Ho provato a riassumere la sua lunga carriera usando questa metafora perché sarebbe impossibile – e finanche riduttivo – limitarsi a citare tutto quello che Gerlando ha fatto per il jazz in questi ultimi quarant’anni; basti ricordare i cicli di guide all’ascolto alla Casa del Jazz di Roma, con la quale collabora dal 2007 o la conduzione di programmi radiofonici e televisivi per la Rai, assieme al grande Adriano Mazzoletti, o ancora l’essere uno degli estensori della “Enciclopedia del Jazz” edita da Curci.

Il tassello che mancava all’opera musiva che è il suo imponente curricolo professionale era la pubblicazione di un libro che raccogliesse in qualche modo il suo importante lavoro.

Nasce così l’idea di “Gente di Jazz”, un volume che racchiude preziose interviste a protagonisti indiscussi della storia del jazz mondiale, che sono uniti da un elemento comune: l’aver partecipato ad una o più delle ventisette edizioni del Festival Internazionale Udin&Jazz.

Ed ecco allora scorrere sotto i nostri occhi i nomi di alcuni dei musicisti che hanno influenzato fortemente il linguaggio musicale della nostra epoca: McCoy Tyner, Cedar Walton, Michel Petrucciani, Enrico Pieranunzi… ma solo per citarne alcuni, perché nel libro le interviste sono ben 25, introdotte dalla prefazione del trombettista Paolo Fresu e chiuse dalla postfazione del filosofo e intellettuale friulano Fabio Turchini.

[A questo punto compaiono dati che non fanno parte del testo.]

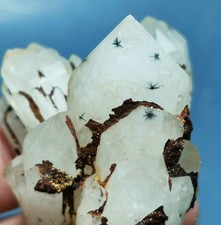 RARE Natural Hollandite Star Quartz CRYSTAL Point picture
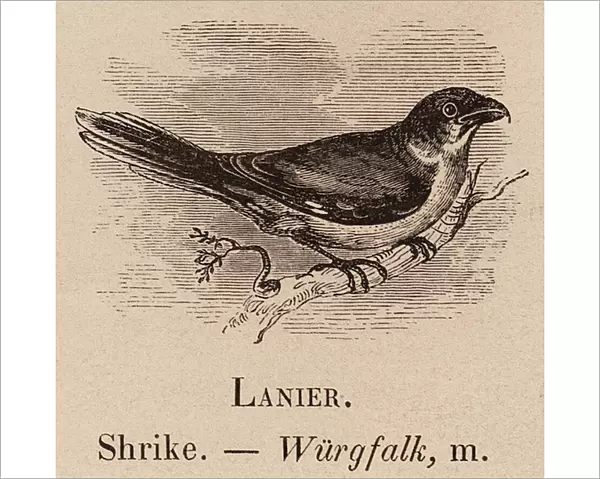 Le Vocabulaire Illustre: Lanier; Shrike; Wurgfalk (engraving)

Le immagini a corredo dell’opera sono quasi tutte del fotografo storico di Udin&Jazz, Luca d’Agostino, tranne un paio firmate da Elia Falaschi e da Luciano Rossetti.

E dopo la presentazione in anteprima, a maggio, al Salone Internazionale del Libro di Torino, quella a Udine, in occasione di Udin&Jazz 2017, e quella più recente alla Feltrinelli di Roma, “Gente di Jazz” ha fatto scalo a Napoli, avvolto nella bellezza di uno scenario prestigioso quali sono le splendide sale affrescate, in stile neoclassico, di Palazzo San Teodoro.

A condurre la serata, con grande competenza e passione, il filosofo napoletano Marco Restucci, che è anche critico musicale, giornalista e scrittore (suo il libro “Dioniso a New Orleans. Nietzsche e il tragico nel jazz”, da poco pubblicato da Albo Versorio). Restucci ha introdotto l’opera definendola come un libro “a cornice” al cui interno trovano posto diversi frammenti, storie e personaggi tutti coinvolti nello stesso, affascinante gioco dialogico i cui fili sono tirati dall’autore.

Oltre a Gerlando Gatto, erano presenti tra i relatori: Giancarlo Velliscig, direttore artistico di Udin&Jazz e Antonio Onorato, chitarrista e compositore napoletano di livello internazionale, un vero e proprio rainbow warrior (dal modo in cui i nativi americani, alla cui cultura e pensiero Antonio è molto vicino, definiscono i loro spiriti che si reincarnano nei bianchi).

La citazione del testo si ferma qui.